I would like to tell you about my friend Ray Gerring. He was a painter who eventually went blind, a WWII veteran who served in the Air Corps, and a local author who memorialized the early 20th century Seattle he grew up in.
Ray was a slender, birdlike man. By the time I knew him, Ray’s eyesight was failing and he walked with a cane. But his blue eyes. shone with humor and mischief nonetheless.
Ray and I would often walk together after our writers group’s meetings, his hands clasped in mine as I helped support his slow, careful steps. He dressed like the gentleman he was, with a jaunty little cap perched on his head.
I remember Ray’s stories about Seattle in the 1930s and ‘40s, the Seattle he had come of age in. He wrote two short story collections (Tales From The Emerald City and Milo’s Brain) full of mayhem and murder in the Pacific Northwest. I tried to pay Ray for his books, because they entertained me so, but he refused to take a dime from me.
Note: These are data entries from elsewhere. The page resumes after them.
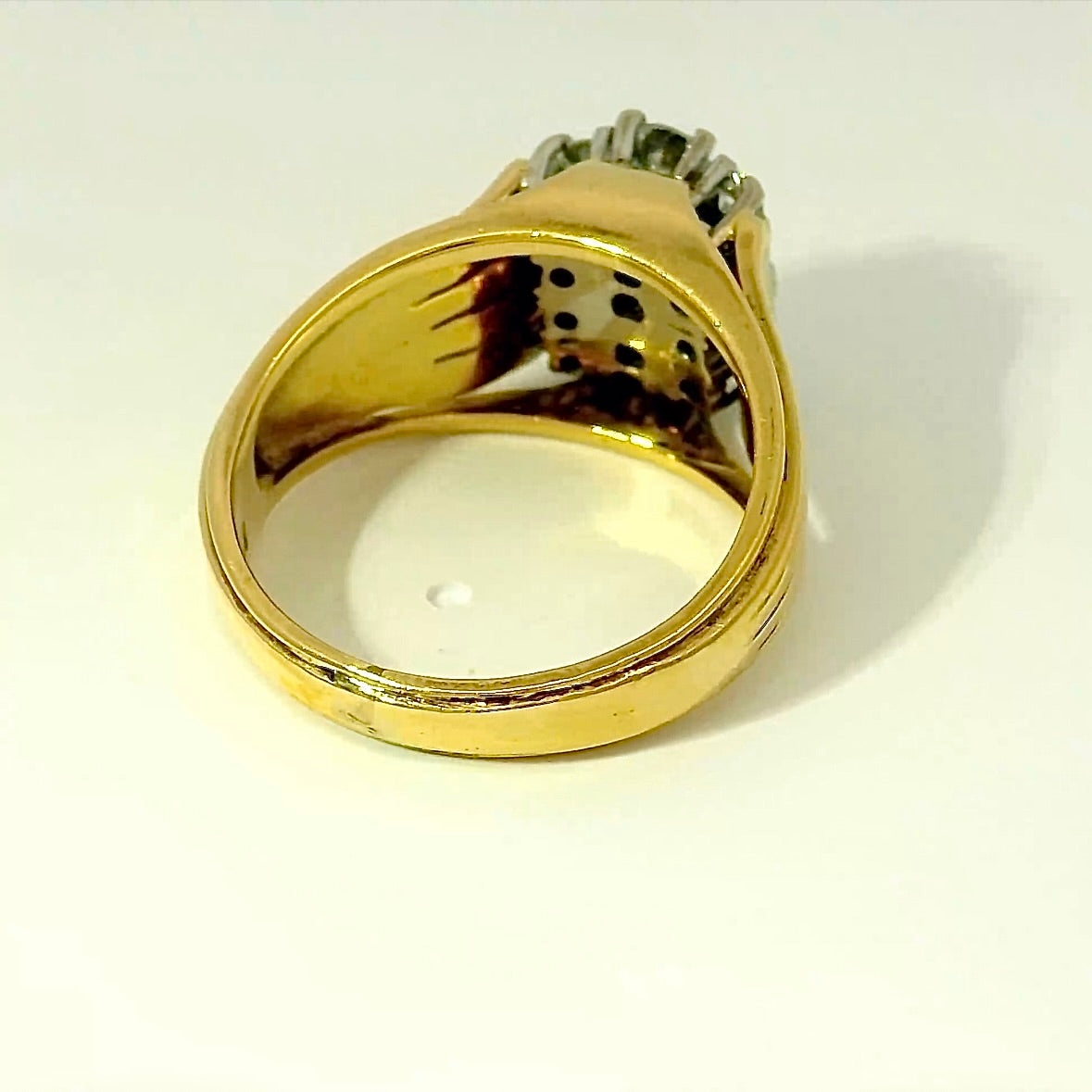 Eindrucksvoller Vintage-Ring in 18 Karat Gelb- und Weißgold mit hochfeinen Brillanten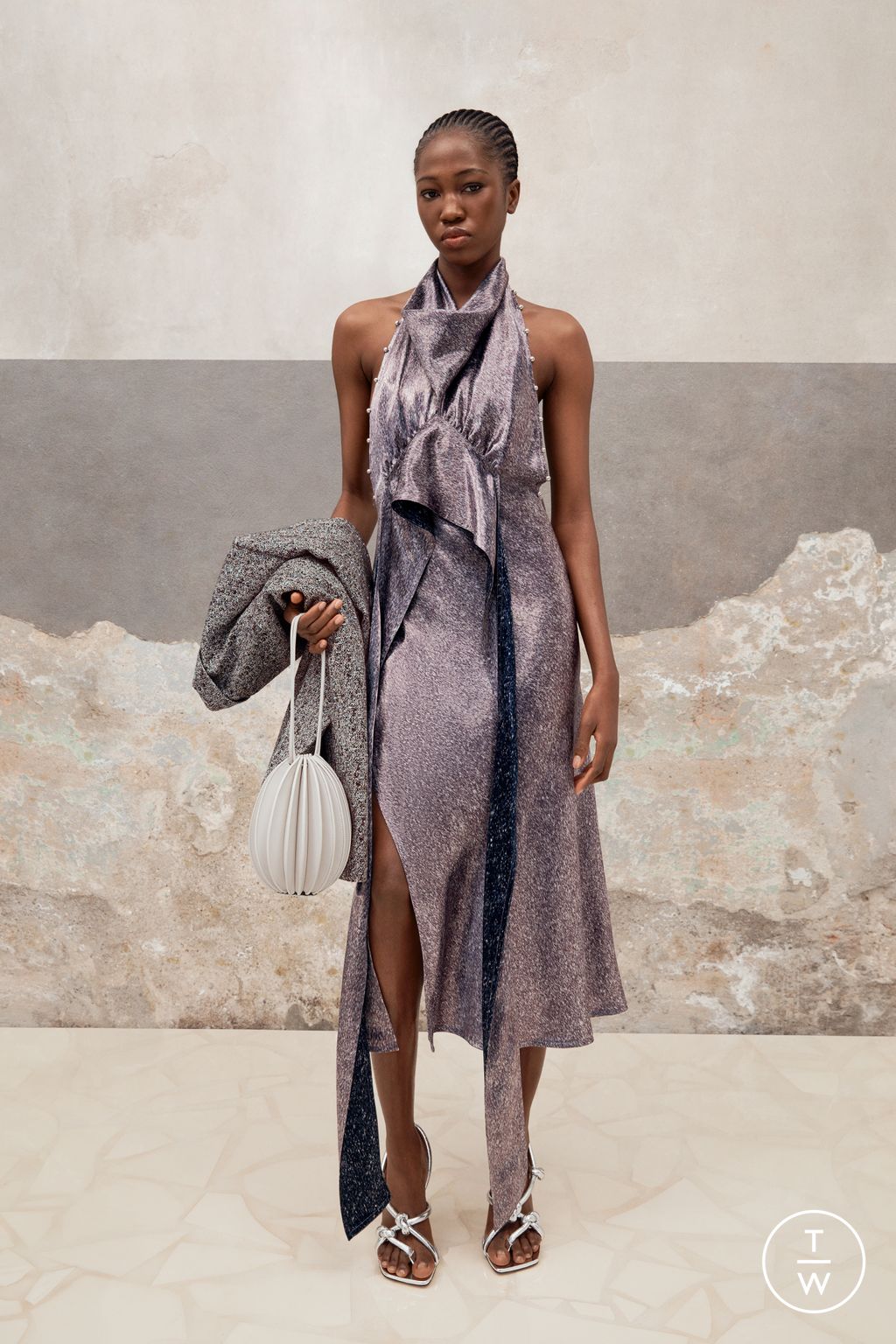 Fashion Week Milan Pre-Fall 2023 look 45 de la collection Bottega Veneta womenswear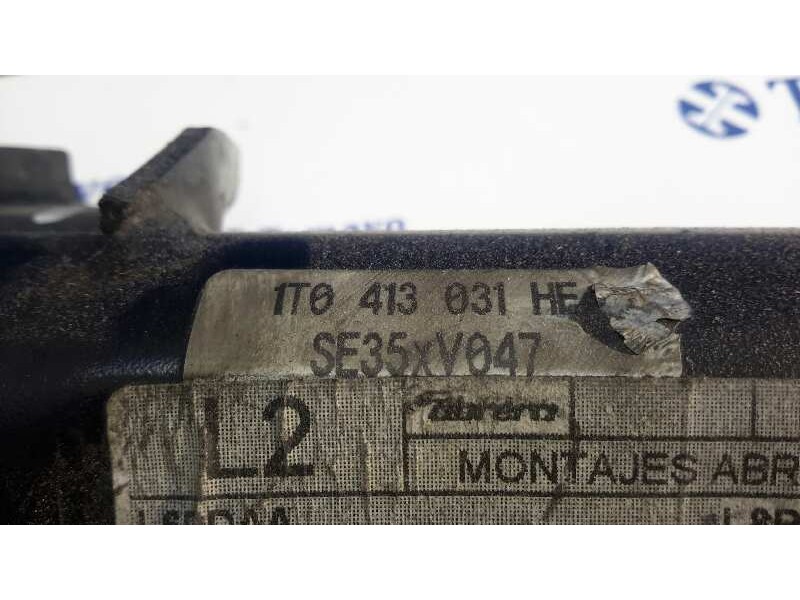 Recambio de amortiguador delantero izquierdo para seat leon (1p1) 1.9 tdi referencia OEM IAM 1T0413031HE  824904007839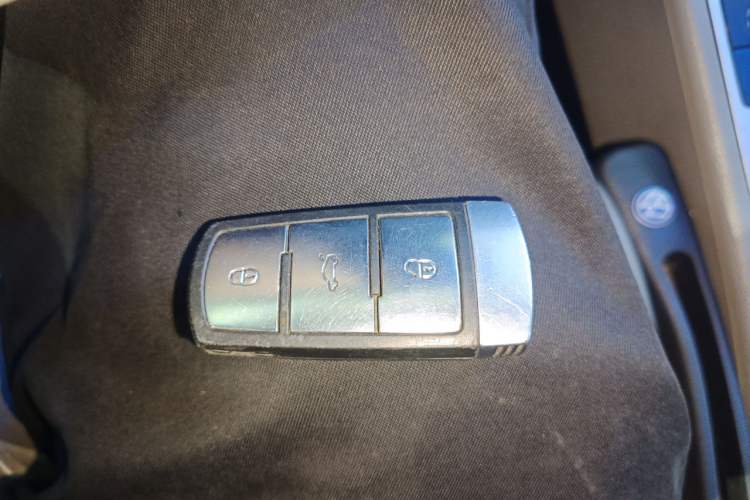 Used Volkswagen Magotan 2011 1.8TSI DSG Comfort Model Vehicle Key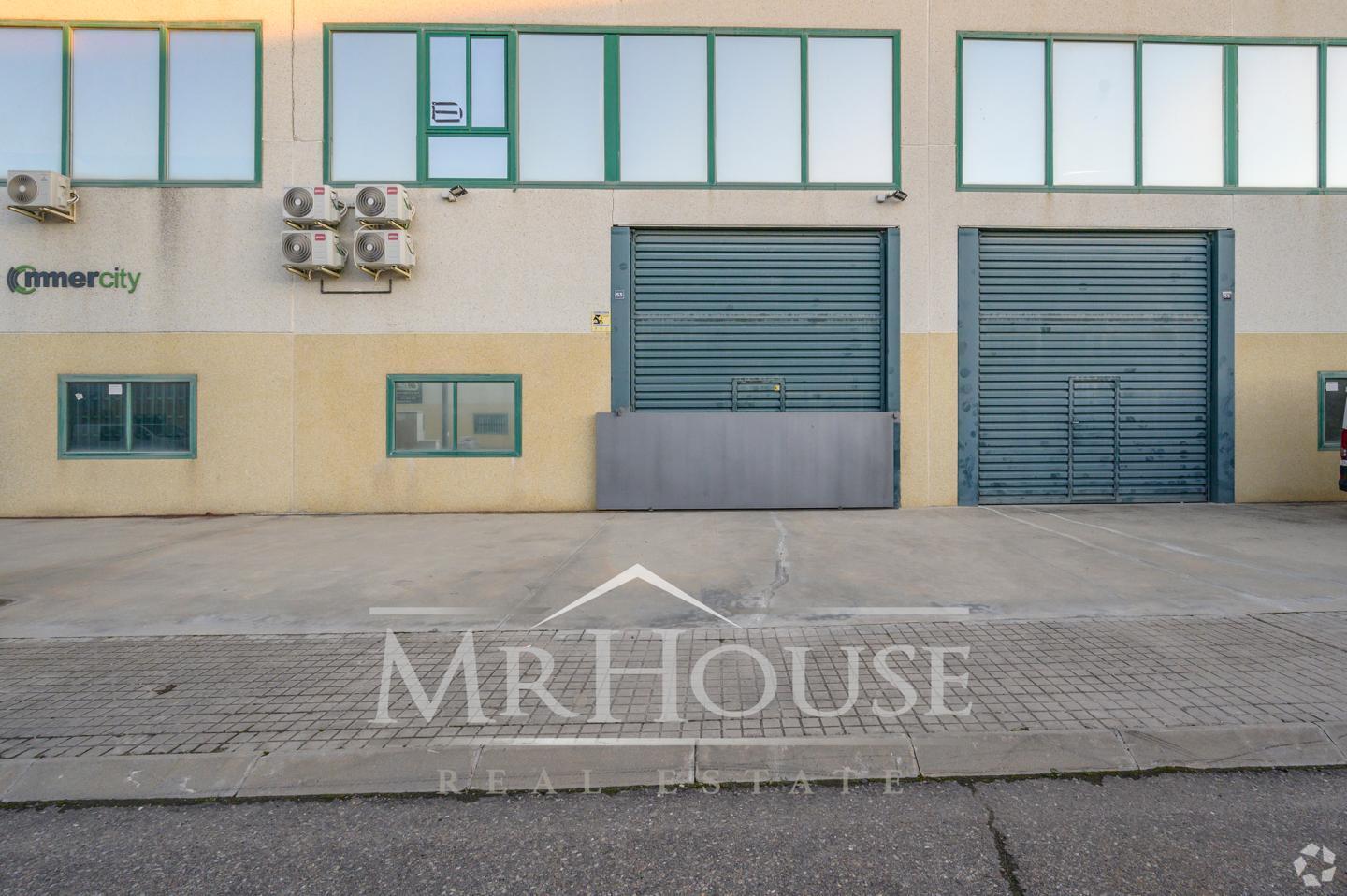 Industriel/Logistique dans Yuncos, Toledo à vendre Photo principale– Image 1 sur 32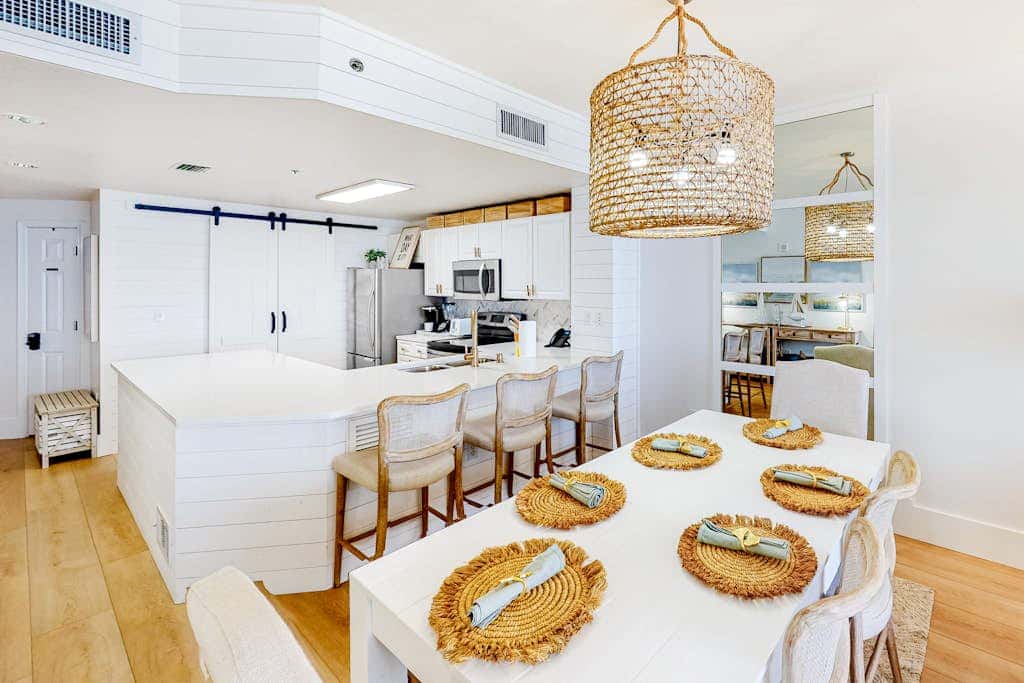 Luxury Condo on 12th Floor of Beautiful Resort with Shared Pool & Hot Tub, WiFi
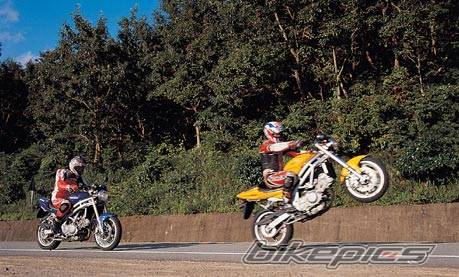 2004 HYOSUNG GT 650 COMET | Picture 123052 motorcycle photo
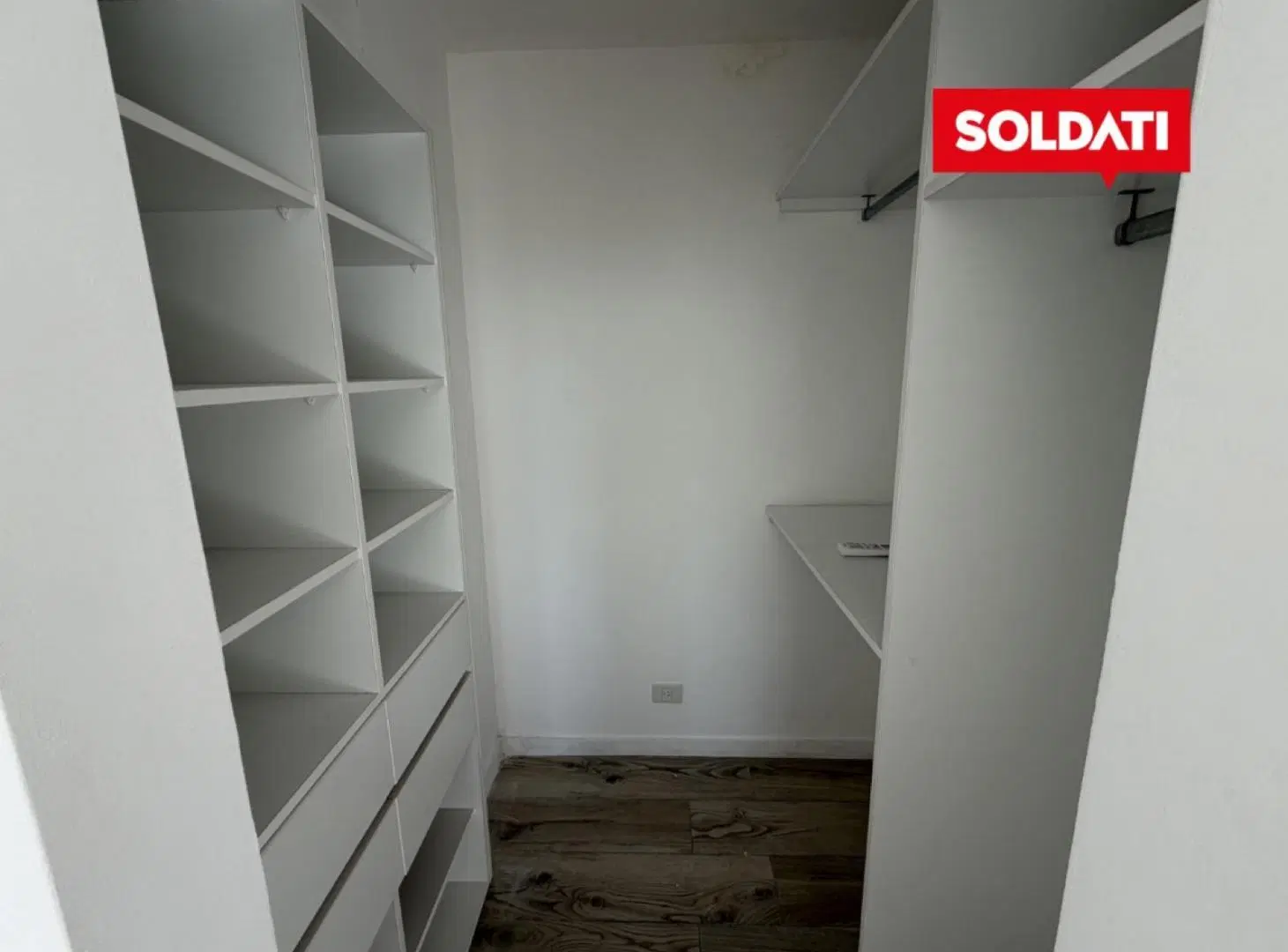 Departamento alquiler en Zug Caamaño - tres ambientes con balcon 2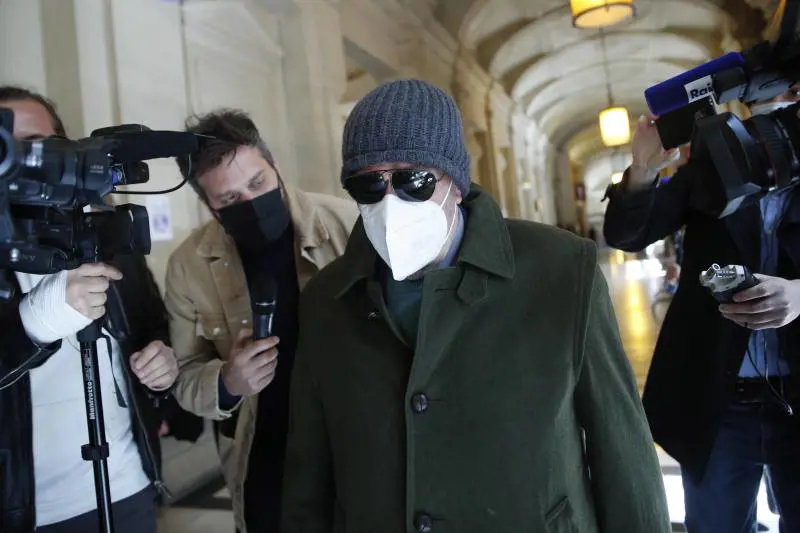 "Respingono i bimbi immigrati ma coccolano i terroristi brigatisti". L'ira dell'Italia contro Parigi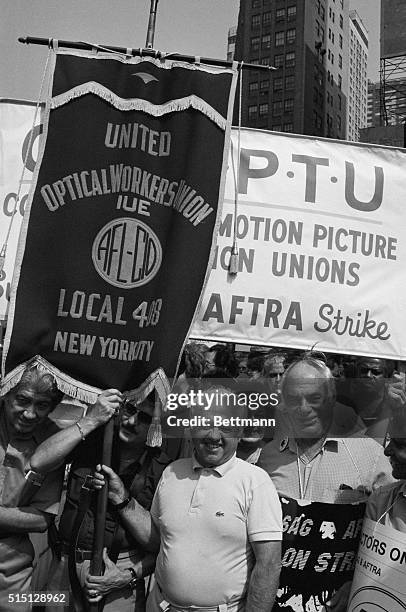 New York Mickey Rooney and Martin Balsam are among 400 actors rallying at Columbus Circle in support of the Screen Actors Guild strike.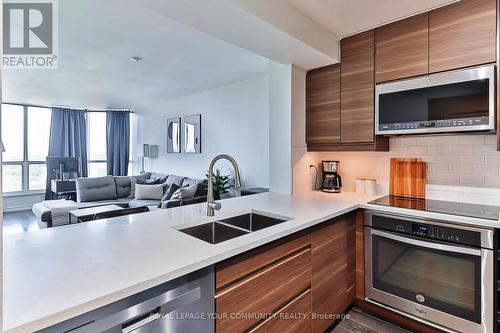 2309 - 2285 Lake Shore Boulevard W, Toronto, ON - Indoor Photo Showing Kitchen With Double Sink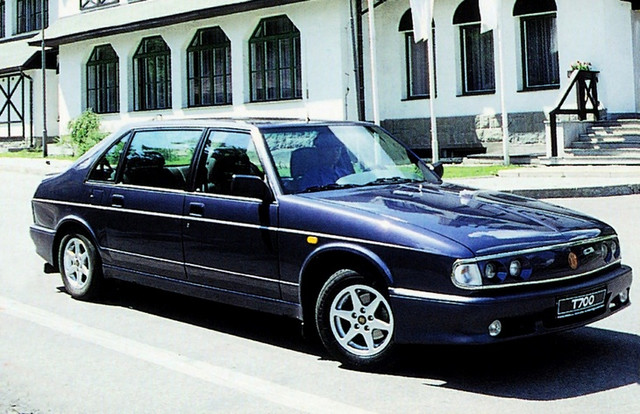 Автомобиль Tatra T700, дебютировавший в 1996 году, представлял собой перелицованную и модернизированную модель T613. От нее седану досталась архаичная для тех лет конструкция с расположенным сзади двигателем воздушного охлаждения. На заднеприводную «Татру Т700» устанавливались инжекторные моторы V8 объемом 3,5 или 4,4 литра мощностью 200 и 233 л. с. соответственно.Спрос на представительскую «Татру» был крайне низким даже со стороны традиционных «клиентов» — огранов государственных власти. Во второй половине 1990-х годов подобный автомобиль не мог составить хоть какую-нибудь конкуренцию другим машинам этого класса.

К 1998 году, когда производство этой модели завершилось, было выпущено всего около 60 автомобилей. Tatra T700 стала последней легковой машиной этой чешской марки.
It was fitting that Ray was a writer because Ray was certainly a character. He will be missed by all of us in his writer’s group, EPIC Group Writers. Ray departed from this world on April 13, 2020, survived by his loving wife, June, who faithfully edited his manuscripts and drove Ray to each of our meetings.
As we continue to gather and critique each other’s work, Ray’s memory will be a blessing to us all.